* **SUPPLIED DATA**:
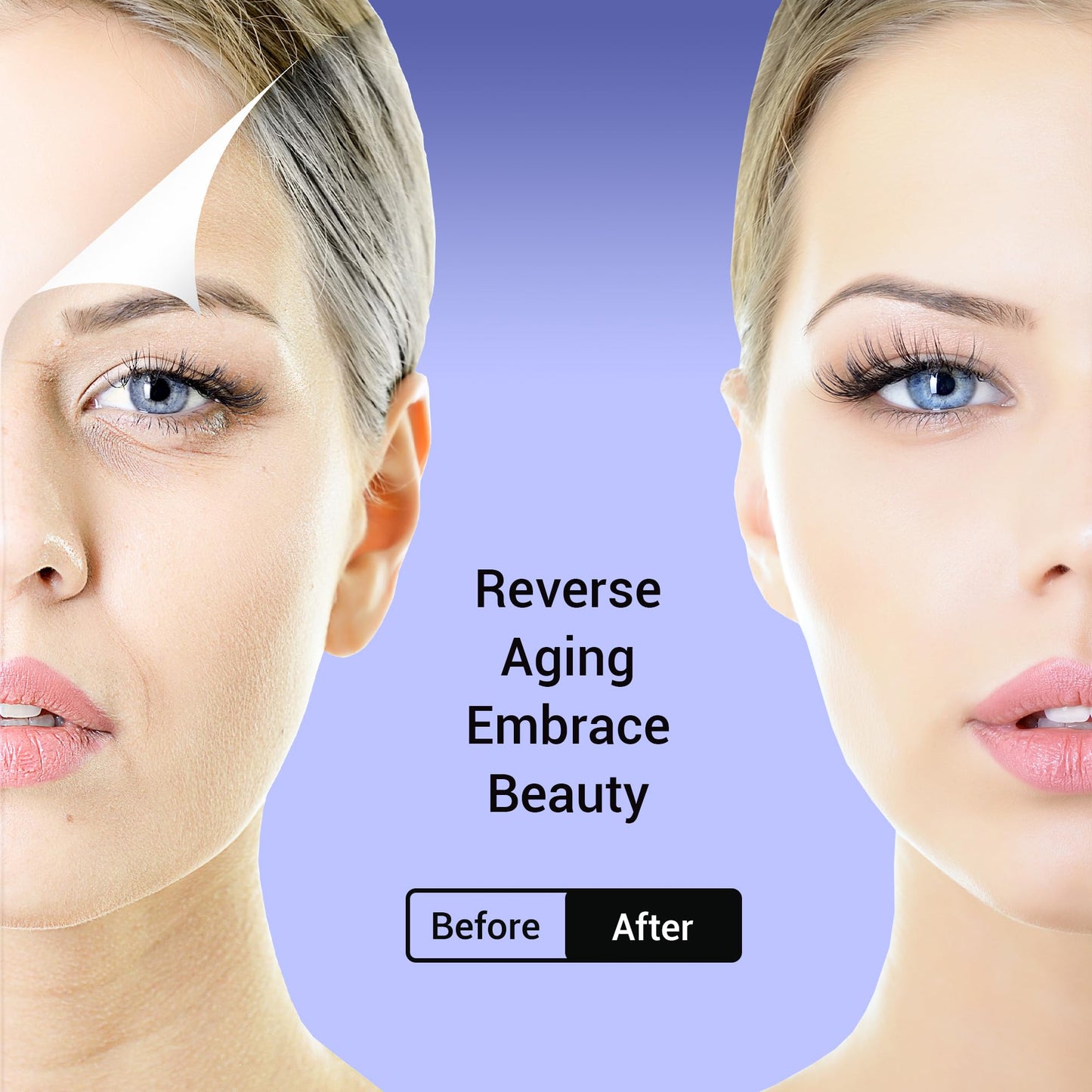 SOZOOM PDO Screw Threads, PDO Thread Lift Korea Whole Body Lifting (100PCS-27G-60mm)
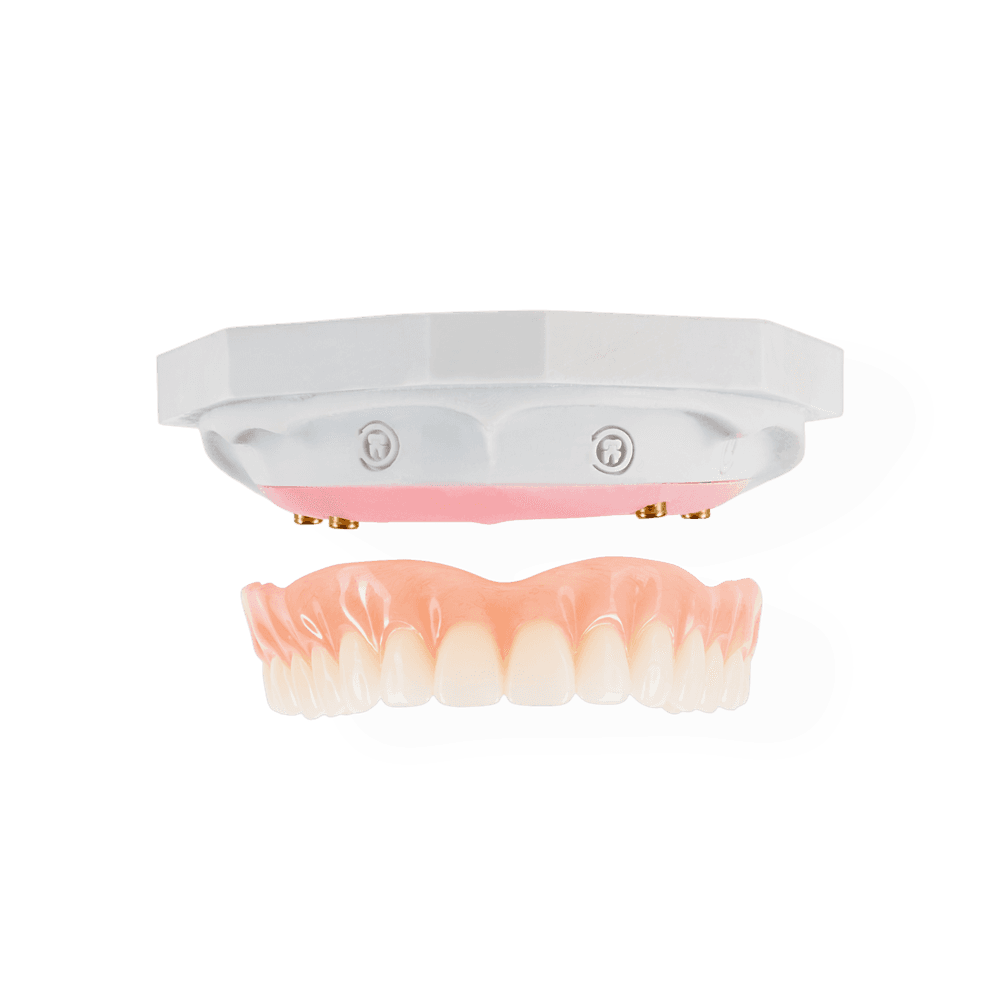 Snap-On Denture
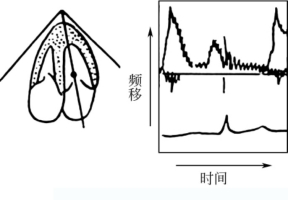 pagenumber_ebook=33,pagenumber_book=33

* **ACTIVITY**: Omit the pictures and write out exactly the lines from the one containing "Snap-On Denture" through the last line of the material.

* **OUTPUT OF THE EXERCISE**:
 Snap-On Denture
 pagenumber_ebook=33,pagenumber_book=33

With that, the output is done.